RUSSIA IN CENTRAL ASIA: Accepting the Necessities, Defining the NeedsPHOTO: Sergei Borovikov: Kyrgyz beauty on Kyrgyz Summer Folk Festival on the Issyk-Kul lake. 27.07.2006

Published: Русское стрелковое общество, журнал «Профи»

The article below of Valentin Bushkov, Igor Majarov, Alexander Sobianin is the translation from «Niezavisimaia Gazeta» (, translation was made by the Russian Rifleman Society (Russkoe strelkovoe obschestvo), that Society was the editor of the «Profi» journal in 1998-2003 years.

Shortened version published in Russian by Sodruzhestvo — Niezavisimaia Gazeta (Sodruzhestvo-NG). No 1, January 31, 2001, page 14:

What follows is the full text of V.I.Bushkov, I.V.Mazharov and A.D.Sobianin, as it is here:

Professor Valentin Ivanovich BUSHKOV was Head of the Department of Central Asia, the Institute of Ethnology and Anthropology (IEA) of the Russian Academy of Science, author of the «Anatomy of the Civil War in Tajikistan» (V.I.Bushkov dead in 2009);

Orientalist Sinologist Igor Vitalyevich MAZHAROV was Head of the «Profi Far Eastern bureau», expert on China Armed Forces (now is a consultant living in Hangzhou, his web-site;

Orientalist Indologist Alexander Dmitrievich SOBIANIN was Assistant Editor of the «Profi» journal (now he is Head of the service for strategic planning of the Association for trans-border cooperation (Russia) and Head of Strategic Planning Department — member of Expert Council of the Centre of Strategic Conjuncture, Moscow).

The “MOUNTAIN REGIONS OF ASIA: Economic and social developments and the problems of security of the neighboring states” round-table discussion concerning economic and social developments in the mountain regions of Central Asia took place on December 1, 2000. It was organized by the Institute of Ethnology and Anthropology (IEA) of the Russian Academy of Science, the Russia Institute for Strategic Studies (RISS), and the Profi journal (Moscow). Basing on the discussion, the following preliminary conclusions have been made by the authors of the article.


А. Russia in Central Asia: Challenges and Mistakes

1.        Russia has not developed any consistent policy in Central Asia. Although a new government came into power in 2000, the events of that year showed that Russian policy in the region is still limited to situational response to individual challenges and problems.
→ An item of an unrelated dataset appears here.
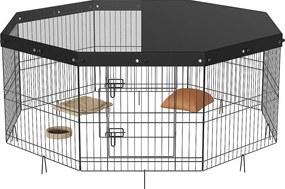 Park dla Psów SucceBuy 8-Panelowy Kojec dla Psów, Wys. 60.96 cm, Składany Metalowy, Do Ćwiczeń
2.        Menace to Russia’s security is increasing. As a result, Russia is losing her economic and political advantages, while the menace to her security is increasing. The main dangers Russia is now exposed to are listed below in decreasing order:

  • A. The USA, as well as China, Japan and some others, obtain still greater access to mineral resources of the Pamir and Tien-Shan Mountains (gold and silver ores, uranium, rare earth elements, non-ferrous metals, complex ore deposits, etc.), which have been the sphere of Russian strategic interest.
  • B. Russia’s formal allies – Kyrgyzstan, Tajikistan, Uzbekistan, Kazakhstan and Turkmenistan – are now interested in the USA, China and Pakistan increasing economic presence in the region, by means of either functioning, constructed or projected transportation auto and railway routes, gas and oil pipelines. Thus Russia is automatically losing many of her strategic advantages.
  • C. Since 1990, national elite of the CIS Central Asian states has been schooled mainly in Europe and the USA, and not in Russia. As a result, a new generation of administrators emerged that is no more Russian-oriented and can easily drive their Soviet-style elders out of power.
  • D. After the power in the Mujaheed Afghanistan had been seized by the U.S.-projected Taliban, another American-backed project was launched, that of the takeover of Central Asian secular regimes by the Islamists (the Islamic Movement of Uzbekistan, the Islamic Party of the Revival of Tajikistan, the Uighur separatist movement, etc.). As a result, in the nearest future new territorial bodies may come into existence that no secular government will be able to control, and Russia may be caught up in a large scale war either in 2001 or in 2002.
  • E. There is a risk that radical Islamist organizations, headed by emissaries from Central Asia, emerge in the Volga and Ural regions of Russian Federation. The religious propaganda of Arab and Chechen teachers there has not borne much fruit until now, due to a kind of psychological rejection; but Central Asian missionaries may be more successful, as nothing of the kind is felt towards Uzbeks and Kazakhs, in spite of them having studied in the same Arab countries as the Chechen.
  • F. The number of drug addicts has already risen several times in Russia. One more danger lays in the fact that, due to cheap drugs from Central Asia, where traditionally only marijuana has been used, Russia changed her status from that of a drug transit territory to a consumer of hard stuff (heroin and synthetic drugs).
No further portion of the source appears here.